I agree with you that your friend is wrong in stating the entire structure
has to
be less 1/10 wavelength to use MoM. Instead, the structure has to be
discretized
in such a way that each element is very small compared to wavelength.
Typically,
1/10 wavelength is a good rule of thumb. One may go as high as 1/20
wavelength
to achieve higher accuracy. This is because many MoM formulation uses so
called
locally supported basis function to represent electric currents. Those
basis
are typically low order polynomials. Hence, it only can represent small
change
in currents on a local area such as a triangle or rectangle.

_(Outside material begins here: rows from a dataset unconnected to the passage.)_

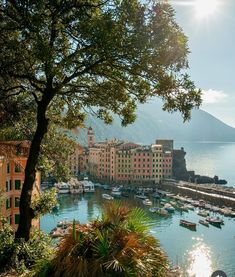 the sun shines brightly on boats docked in a bay next to buildings and mountains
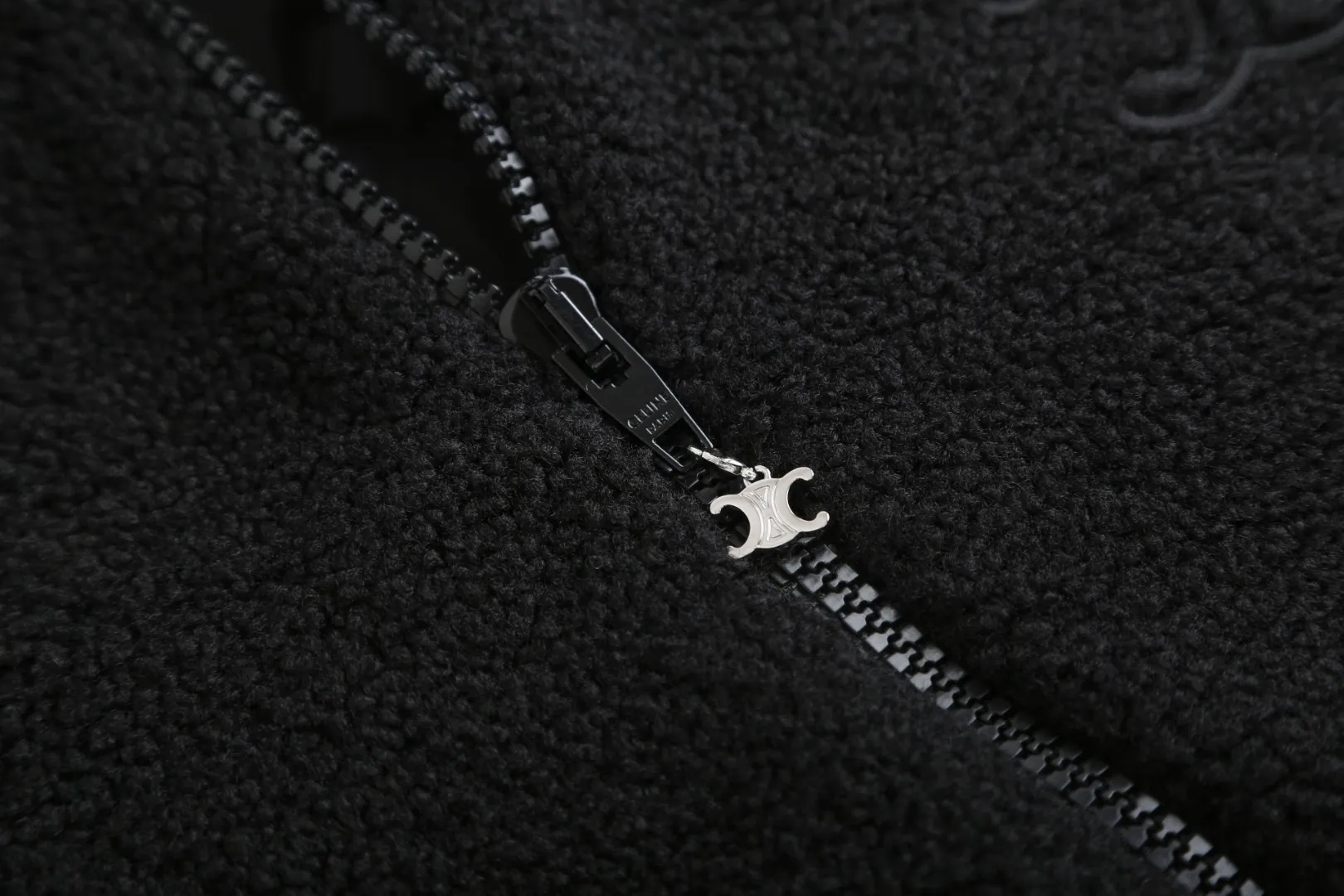 🅿️630 [Exclusive supply] Celine Arc de Triomphe lamb wool hooded jacket (black) The fabric is made of polyester filament and passed through a circular knitting machine. The warp and weft yarns are woven into each other into a double-sided knitted structure. The front and back are flat loops. The polar fleece fabric is formed after a series of processes such as dyeing, raising, carding, shearing, and polarization. The suede texture is soft and the fiber characteristics make it almost non-absorbent. It can quickly drain sweat to the outer layer of the fabric and evaporate quickly, maintaining good breathability. The suede surface can lock the air and form a stagnant air layer around the body, effectively preventing heat loss and providing good warmth retention properties. The inner quilting uses a quilted cannage pattern. The sewing engineer accurately adjusts the machine's speed and stitch density to ensure smooth and even stitches during the operation. After completion, regular diagonal quilting lines will be formed, which will inadvertently enhance the overall texture when putting it on and taking it off. The fabric and padding material are tightly fixed to the frame of the embroidery machine. The embroidery machine uses sparse stitches along the padding layer's pattern to outline the filling area of ​​the pattern, and then runs the overlay layer's pattern, using dense stitches to perfectly cover the foam padding layer, thus forming a slightly raised Arc de Triomphe shape. After final finishing, the edges of the patch are burr-free and the pattern is clear. Size:S-M-L-XL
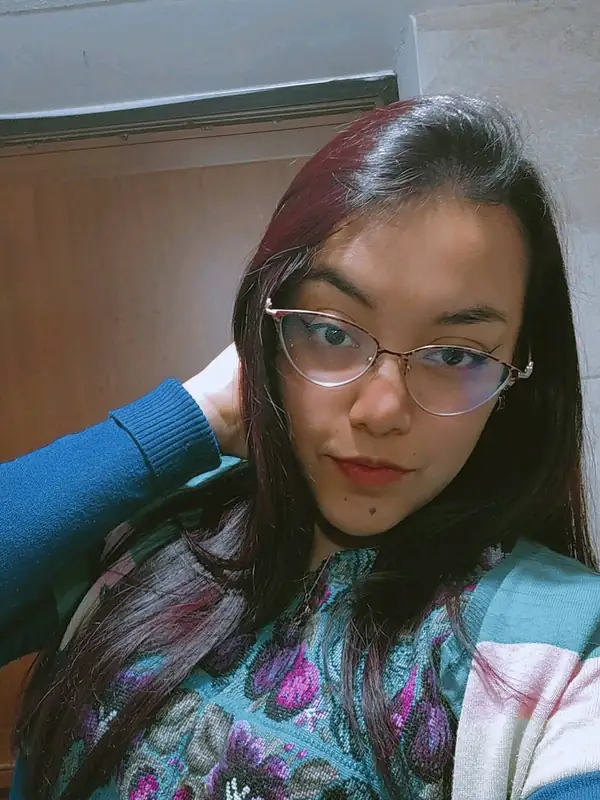 Woman with dark red hair and thin glasses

The issue of limit of MoM is a hard one in general. Since you are
referring to
HP's momentum, I can list a few limiting factors:

(1). Accuracy in computing Green's function. Momentum uses dyatic Green's
function
for multilayer dielectrics. To speed up the computation, HP uses
precomputed
Green's function and does interpolation when the Green's function is
needed.

(2). Mesh densities. In order to achieve high accuracy, local refined mesh
is
necessary. I am not sure Momentum has this capability.

(3). Deembeding techniques. In order to extract circuite parameters such
as
scattering parameters, it is necessary to extend the ports to certain
length
and perform certain operations. This has a strong influence on the
accuracy
of circuit parameters.

(4). Low frequency limit. Momentum uses mixed potential integral equation
technique. It generally breaks down at very low frequency unless special
care is
taken.

If you would like a practical example on the limit of accuracy for code
such as HP
Momentum, I would refer you to an artical published in European Microwave
Journal earlier this year which compared the measured results with the
numercial
soltions obtained by various simulators. For matched microstrip line, |S11|
= 0.0
analytically. Numerically, it is in the range of 0.01 to 0.001.

-Xingchao Yuan